Sungguh tidak logis apa yang dinyatakan tokoh-tokoh fasik Jaringan Islam
Liberal (JIL) atau lebih tepatnya Jaringan Iblis Laknatullah dalam menyikapi
penyerbuan gerombolan preman yang mengatasnamakan dayak di Bandara Tjilik Riwut
– Palangka Raya, Kalimantan Tengah.
Tokoh feminis berpaham liberal, Mariana Amiruddin yang dikenal getol
memperjuangkan kesetaraan gender ini, menyebut preman yang mengacung-ngacungkan
mandau ( senjata khas masyarakat Dayak) di Bandara Palangka Raya
sebagai kearifan lokal yang harus dilestarikan. Bahkan konyolnya, upaya
untuk melakukan pembunuhan terhadap pimpinan FPI juga dianggap sebagai
kearifan. Logika macam apa, yang membuat Pemimpin Redaksi Jurnal Perempuan ini
berpikir dangkal seperti itu.
"Sudah jelas, nyawa pimpinan FPI sedang dalam keadaan terancam, ketika
gerombolan preman anarkis menerobos bandara Palangka Raya, bahkan mereka
berencana hendak membakar pesawat. Tapi yang justru dikebiri malah FPI. Ini
adalah pemutarbalikkan fakta yang amat jahat. Dimana logika makhluk JIL
itu. Itu tanda mereka tidak cerdas melihat situasi. Mereka bukan anti
kekerasan, melainkan anti FPI, dan bernafsu untuk membubarkan FPI," kata
Ketua Bidang Da’wah FPI Habib Muhsin Al Attas usai menemui anggota DPR
Komisi III, kemarin, Rabu (15/2).
Hadir sejumlah ormas Islam lain di Komisi III DPR, antara lain: KH.
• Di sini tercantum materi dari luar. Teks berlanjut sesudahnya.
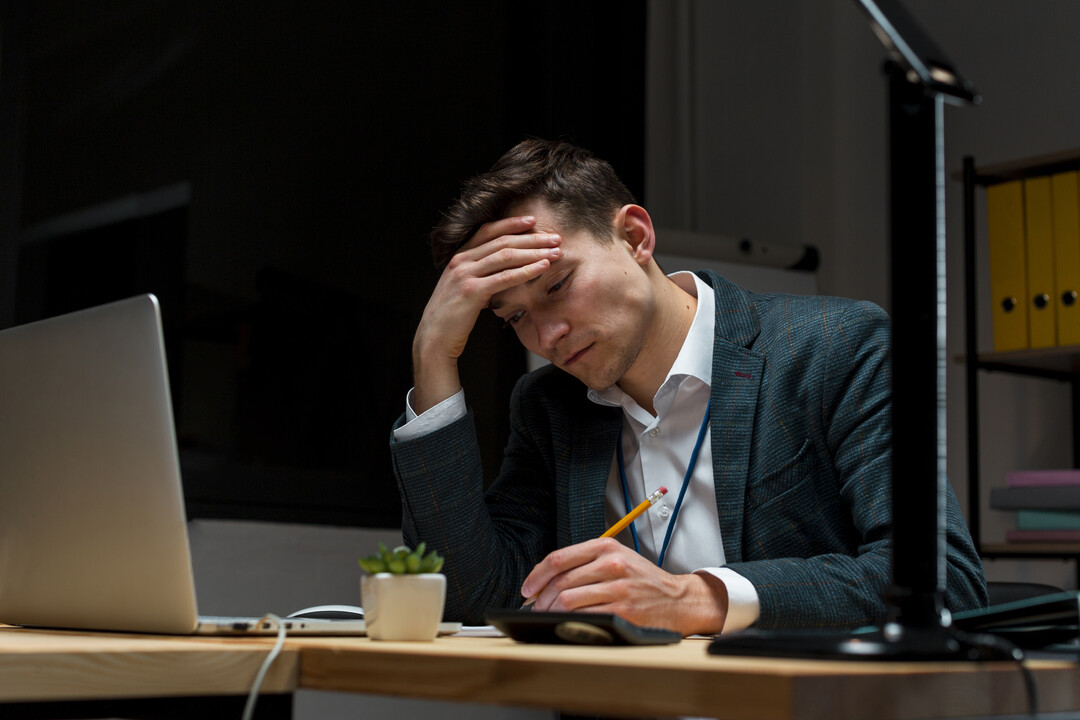 Homem estressado trabalhando à noite em frente ao computador, simbolizando a frustração de negócios que não utilizam estratégias eficazes de remarketing.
Muhammad Al Khaththath (Sekjen Forum Umat Islam), Ustadz Abu Jibril (Ketua
Majelis Mujahidin Indonesia), Hj. Nurdiati Akma (Ketua Forum Silatutahim Antar
Pengajian (FORSAP) dan Dewan Pakar Aisyiah-Muhammadiyah.
Perlu diketahui, tokoh feminis Mariana Amiruddin pernah menyelesaikan
studinya di Program Magister Humaniora Pascasarjana Kajian Wanita (Woman
Studies) di Universitas Indonesia (UI). Kegiatan sehari-harinya aktif sebagai
jurnalis Jurnal Perempun dan Radio Jurnal Perempuan. Sebelumnya, mengambil
gelar kesarjanaan di Fakultas Ilmu Sosial dan Ilmu Politik Jurusan Hubungan
Internasional Universitas Jayabaya, Jakarta. Pernah terlibat dalam penerbitan
media seni dan budaya PLOT sejak tahun 1999 sebagai pemimpin redaksi.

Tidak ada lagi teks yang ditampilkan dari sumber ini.